После посадки выяснилось, что нас с Урлаповым спас Гроховский. У него хватило хладнокровия для того, чтобы буквально в решающую секунду отцепить трос со стороны планера. Оказалось, что летчик Н. по неопытности искусственно не давал планеру отрываться. Когда я приземлился, Анисимов и Чкалов первыми поздравили меня. Чкалов сказал при этом: «Знать, ты, парень, родился в рубашке. Теперь проживешь долго».
Гроховский меня не вызывал, но, увидев на следующий день, пожал руку и сказал:
– Молодец, что не убрал газ, держал до конца! А сдрейфил бы, побил бы себя и нас, да еще и был бы виноватым. Отремонтируем планер – полетим снова!
ГЛАВА ПЯТАЯ
ВО ИМЯ ЧЕГО РАБОТАЛ «ЦИРК»
ЧЕЛОВЕКА ЗАЩИЩАЕТ ЕГО ДЕЛО
В 1934 году определилось, что масштаб и тематика работы нашего КБ вышли за пределы компетенции и материальных возможностей Военно–Воздушных Сил. По представлению маршала Тухачевского нарком тяжелой промышленности Серго Орджоникидзе принял от Алксниса Особое конструкторское бюро Гроховского. На его базе был создан экспериментальный институт, которому предстояло работать над новыми важными проблемами.
Перед этим мы продемонстрировали Серго и высшему комсоставу наркомата все, чего достигло наше КБ за четыре года.
Демонстрация шла как часы. Уже сброшен десант из сорока человек, и к нему автомобили, танкетка, пушка, контейнеры и даже буфет с горячей пищей. Произвел впечатление сброс с помощью подвесок таких хрупких предметов, как сырые яйца и электрические лампочки. Ничего не разбилось и не смялось. Но, как нередко бывает, порой самое яркое впечатление оставляет какая–нибудь деталь. Такая деталь была и в нашем показе. Гроховский—к слову, как о деле второстепенном, – доложил наркому об отработке метода прокладки телефонного провода при помощи самолета.
– О, это интересно! А ну, дорогой, покажи!

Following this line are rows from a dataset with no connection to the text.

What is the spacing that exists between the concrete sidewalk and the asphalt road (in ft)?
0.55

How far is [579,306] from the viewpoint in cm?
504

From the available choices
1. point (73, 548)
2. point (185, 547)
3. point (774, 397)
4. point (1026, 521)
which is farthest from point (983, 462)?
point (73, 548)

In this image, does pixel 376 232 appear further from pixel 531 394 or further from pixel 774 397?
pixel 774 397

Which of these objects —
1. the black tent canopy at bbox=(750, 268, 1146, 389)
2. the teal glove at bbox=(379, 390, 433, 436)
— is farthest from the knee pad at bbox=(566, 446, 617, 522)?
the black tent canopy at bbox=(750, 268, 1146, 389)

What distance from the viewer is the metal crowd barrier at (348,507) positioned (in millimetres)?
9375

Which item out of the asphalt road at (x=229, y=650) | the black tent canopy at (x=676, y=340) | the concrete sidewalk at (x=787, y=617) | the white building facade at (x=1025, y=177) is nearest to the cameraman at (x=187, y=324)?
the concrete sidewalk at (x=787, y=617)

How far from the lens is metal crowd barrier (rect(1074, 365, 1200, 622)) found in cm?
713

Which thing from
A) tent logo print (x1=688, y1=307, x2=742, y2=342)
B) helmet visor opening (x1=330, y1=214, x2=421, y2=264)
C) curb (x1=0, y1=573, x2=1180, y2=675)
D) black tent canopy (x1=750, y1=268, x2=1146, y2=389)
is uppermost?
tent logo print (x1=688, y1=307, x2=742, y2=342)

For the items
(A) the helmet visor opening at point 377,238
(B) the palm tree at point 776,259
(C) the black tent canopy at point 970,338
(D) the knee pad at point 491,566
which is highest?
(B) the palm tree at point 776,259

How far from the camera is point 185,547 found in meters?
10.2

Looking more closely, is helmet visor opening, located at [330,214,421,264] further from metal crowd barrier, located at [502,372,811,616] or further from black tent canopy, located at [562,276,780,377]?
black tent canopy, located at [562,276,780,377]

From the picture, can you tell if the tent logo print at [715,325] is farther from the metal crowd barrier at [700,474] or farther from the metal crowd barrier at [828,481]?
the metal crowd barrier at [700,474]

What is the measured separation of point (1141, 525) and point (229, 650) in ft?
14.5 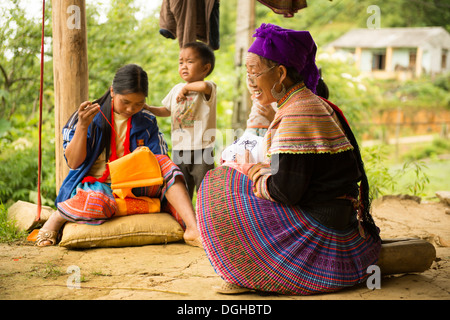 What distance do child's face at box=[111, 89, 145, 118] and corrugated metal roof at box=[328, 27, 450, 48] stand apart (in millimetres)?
21873

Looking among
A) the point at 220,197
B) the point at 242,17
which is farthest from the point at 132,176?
the point at 242,17

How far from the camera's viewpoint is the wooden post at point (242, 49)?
768 cm

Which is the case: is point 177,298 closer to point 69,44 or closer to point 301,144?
point 301,144

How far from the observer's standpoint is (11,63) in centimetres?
616

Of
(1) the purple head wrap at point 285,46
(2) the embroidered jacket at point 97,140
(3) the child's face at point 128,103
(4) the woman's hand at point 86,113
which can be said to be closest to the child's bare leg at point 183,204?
(2) the embroidered jacket at point 97,140

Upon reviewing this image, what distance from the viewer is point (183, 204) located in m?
3.71

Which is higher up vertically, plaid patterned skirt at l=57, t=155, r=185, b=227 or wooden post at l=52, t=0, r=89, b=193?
wooden post at l=52, t=0, r=89, b=193

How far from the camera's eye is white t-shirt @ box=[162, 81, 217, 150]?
13.4 feet

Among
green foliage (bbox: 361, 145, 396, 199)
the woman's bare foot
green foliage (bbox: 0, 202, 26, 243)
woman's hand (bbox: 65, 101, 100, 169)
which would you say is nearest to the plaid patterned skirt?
the woman's bare foot

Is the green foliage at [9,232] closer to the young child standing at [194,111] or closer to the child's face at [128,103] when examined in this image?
the child's face at [128,103]

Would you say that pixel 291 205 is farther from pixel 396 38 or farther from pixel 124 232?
pixel 396 38

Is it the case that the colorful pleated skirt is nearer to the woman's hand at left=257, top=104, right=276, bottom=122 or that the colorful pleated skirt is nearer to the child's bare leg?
the child's bare leg

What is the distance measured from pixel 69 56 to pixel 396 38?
76.2 ft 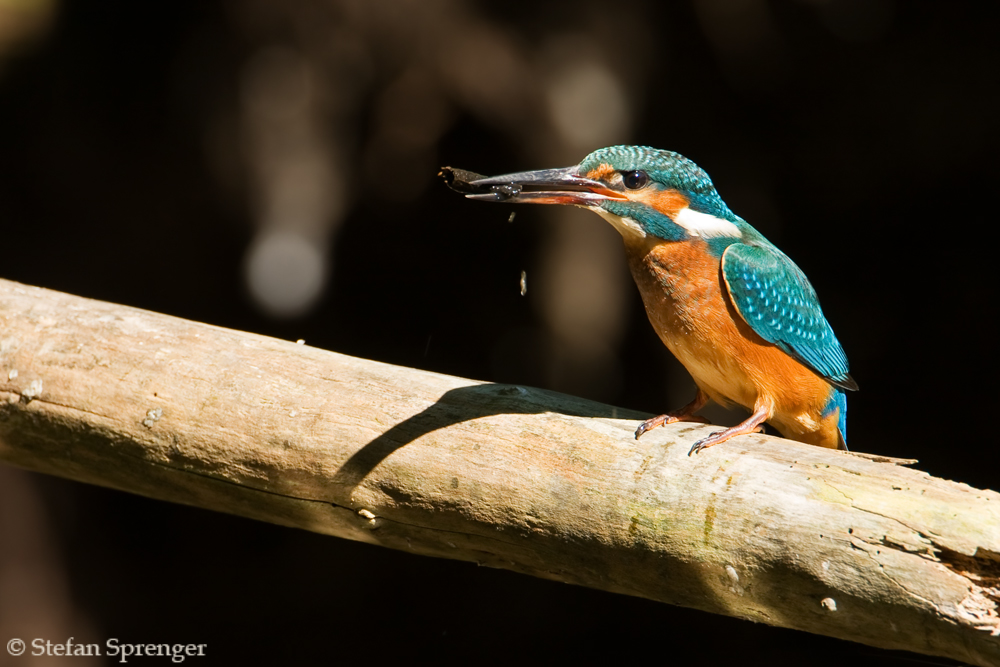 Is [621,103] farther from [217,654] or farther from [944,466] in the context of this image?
[217,654]

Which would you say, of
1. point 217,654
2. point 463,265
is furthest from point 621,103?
point 217,654

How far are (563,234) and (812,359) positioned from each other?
198cm

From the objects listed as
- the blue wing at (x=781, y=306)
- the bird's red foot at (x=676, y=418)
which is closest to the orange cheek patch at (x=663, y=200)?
the blue wing at (x=781, y=306)

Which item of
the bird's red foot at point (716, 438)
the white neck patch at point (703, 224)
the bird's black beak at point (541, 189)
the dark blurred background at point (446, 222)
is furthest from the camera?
the dark blurred background at point (446, 222)

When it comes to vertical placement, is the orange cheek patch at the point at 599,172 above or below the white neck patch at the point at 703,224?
above

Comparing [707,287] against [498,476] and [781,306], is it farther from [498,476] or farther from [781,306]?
[498,476]

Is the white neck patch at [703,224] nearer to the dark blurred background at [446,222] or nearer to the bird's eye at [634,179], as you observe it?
the bird's eye at [634,179]

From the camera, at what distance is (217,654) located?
15.9 ft

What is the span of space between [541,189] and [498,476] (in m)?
0.76

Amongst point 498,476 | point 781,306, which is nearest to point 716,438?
point 498,476

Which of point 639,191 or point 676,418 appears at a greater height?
point 639,191

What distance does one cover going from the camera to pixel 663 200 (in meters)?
2.24

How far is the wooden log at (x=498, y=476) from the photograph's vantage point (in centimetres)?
138

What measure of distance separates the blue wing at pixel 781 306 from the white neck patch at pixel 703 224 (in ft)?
0.22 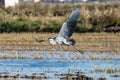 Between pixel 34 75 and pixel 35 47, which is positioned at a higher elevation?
pixel 35 47

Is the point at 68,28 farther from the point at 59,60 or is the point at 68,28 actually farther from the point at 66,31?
the point at 59,60

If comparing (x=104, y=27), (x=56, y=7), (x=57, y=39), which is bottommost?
(x=57, y=39)

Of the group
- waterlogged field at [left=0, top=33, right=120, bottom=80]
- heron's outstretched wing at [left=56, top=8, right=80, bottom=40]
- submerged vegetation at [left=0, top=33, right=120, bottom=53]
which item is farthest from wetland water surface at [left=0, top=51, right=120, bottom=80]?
heron's outstretched wing at [left=56, top=8, right=80, bottom=40]

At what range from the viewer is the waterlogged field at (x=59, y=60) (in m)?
14.1

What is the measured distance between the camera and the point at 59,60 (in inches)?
704

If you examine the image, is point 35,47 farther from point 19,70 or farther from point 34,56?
point 19,70

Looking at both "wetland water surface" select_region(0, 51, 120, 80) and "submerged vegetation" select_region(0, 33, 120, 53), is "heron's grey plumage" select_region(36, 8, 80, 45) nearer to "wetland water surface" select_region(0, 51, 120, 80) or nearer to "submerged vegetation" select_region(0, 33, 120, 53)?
"wetland water surface" select_region(0, 51, 120, 80)

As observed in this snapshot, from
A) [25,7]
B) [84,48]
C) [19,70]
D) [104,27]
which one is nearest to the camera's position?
[19,70]

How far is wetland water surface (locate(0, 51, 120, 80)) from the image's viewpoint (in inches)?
557

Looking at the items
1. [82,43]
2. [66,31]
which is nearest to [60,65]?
[66,31]

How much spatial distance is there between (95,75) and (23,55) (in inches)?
215

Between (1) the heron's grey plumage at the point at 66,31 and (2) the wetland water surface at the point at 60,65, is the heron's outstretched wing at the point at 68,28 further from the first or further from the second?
(2) the wetland water surface at the point at 60,65

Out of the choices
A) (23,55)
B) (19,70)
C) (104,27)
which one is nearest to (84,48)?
(23,55)

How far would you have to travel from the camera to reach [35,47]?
22.4 metres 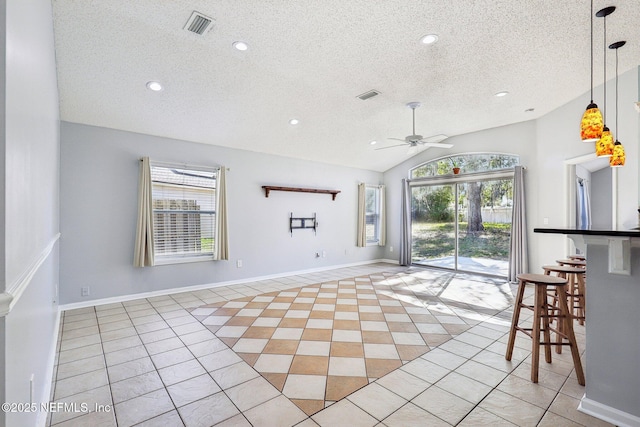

На сколько же километров?
– Пока только на шестьдесят. На РБ–5 больший барабан не помещается.
Принесли карту, на ней вычертили окружность, и Серго, не глядя, поставил карандаш на одну из точек окружности. Рассмотрели название ближайшей деревни, и через пять минут Баталов вылетел с предписанием найти эту деревню и выбросить над ней парашютиста–телефониста. От самолетного барабана начальный конец провода подвели к столику возле наркома.
Следом за Баталовым на другом самолете вылетел офицер связи для контроля. Запустили секундомер. Через 22 минуты на столике запищал зуммер полевого телефона. Серго с живостью схватил трубку и засмеялся, как ребенок, получивший игрушку. Он услышал следующее; «Докладывает телефонист Терещенко. Нахожусь в населенном пункте Матвейково Истринского района. С вами будет говорить председатель сельсовета Коновалов. Передаю трубку».
У нас осталось впечатление, что Серго захотел убедиться в надежности слов своего нового подчиненного. Сужу об этом по такой его фразе: «Теперь вижу, что у вас слово не расходится с делом. Молодцы! Верю!» – после чего распорядился прекратить показ.
Демонстрация произвела сильное впечатление даже на нас. До этого мы имели только частичное представление о том, что делалось в нашем бюро, а тут увидели все сразу. Мы поняли, как близка к материальному воплощению идея десантной армии. В сущности, все необходимое для этого сделано. Оставалось то, что называется «принять на вооружение», то есть размножить испытанные нами образцы, научить ими пользоваться в армии и оформить боевую организацию подразделений и частей в особый род войск.
Первые месяцы службы в отряде и при КБ Гроховского мне казалось, что Главного окружают лишь энтузиасты, Что он, как Саваоф в окружении ангелов и архангелов, творит доселе невиданное. Но вскоре рассмотрел людей, которые, отдавая должное успехам, критиковали на партийных собраниях промахи Гроховского и тех, кто «прилип» к его делу для собственной корысти. Еще позднее увидел и таких, которые на недостатки смотрели в микроскоп.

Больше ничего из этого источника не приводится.